MICAL MP V Alfred Gray accused former Prime Minister Hubert Ingraham of trying to remove him from Parliament - and using the public purse to do so.
During his contribution to the Budget Debate yesterday, Mr Gray told Parliament that during the election campaign, Mr Ingraham gave out a number of jobs to residents of the MICAL constituency, in an effort to convince them to switch their allegiance to the FNM.
"He (Mr Ingraham), more than anyone else, seemed to have orchestrated the attempt to get me personally out of here; he targeted one or two others but I know I was the chiefest among them, but I am still standing.
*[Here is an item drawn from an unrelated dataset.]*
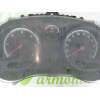 CUADRO INSTRUMENTOS 13264261 0013264261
"Looking back, the former prime minister used the public purse wrongfully, corruptly to seek to get rid of me - I challenge him to say it isn't true."
Claiming Mr Ingraham waited until April 2012 to hire people into the 52-week Job Readiness Programme in his constituency, Mr Gray said: "When you hire 200-plus people who never saw a pay-day in their lives, that's like magic, and it worked, in part it worked.
"Not only did he hire these people - which is good, I have no problem with those people who were hired, I only say that the purpose for which he hired them was corrupt - he should have hired them in June 2011 if had not been that he wanted to use it for election purposes. It is the timing that makes it corrupt in my view."
In addition, Mr Gray said, Mr Ingraham visited Inagua just days before the election, providing the Local Government Council with an influx of cash to use on local projects.
He said: "The $222,000 was sent to the administrator days before the election and in fact all of these 15 to 20 people whose names I have here were all hired without contracts - no scope of work, nothing to tell them what they should be doing - they were just paid out and told them to hire as many PLPs as they could find."
Rising to clarify, opposition leader Dr Hubert Minnis said: "The member is alluding that we were trying to hire just a certain group of people. In this entire process, politics was not involved - whether they were PLP or FNM was immaterial."
Mr Gray countered by saying that most of the funds handed out amounted to nothing but "thousands of dollars in gifts for work they could not do because it was not theirs to be done".
He went on to claim the process was "criminally corrupt" and "a sin".
Rising again to ask that these comments be withdrawn, Dr Minnis challenged Mr Gray to table his evidence in the House of Assembly and make it available to the public.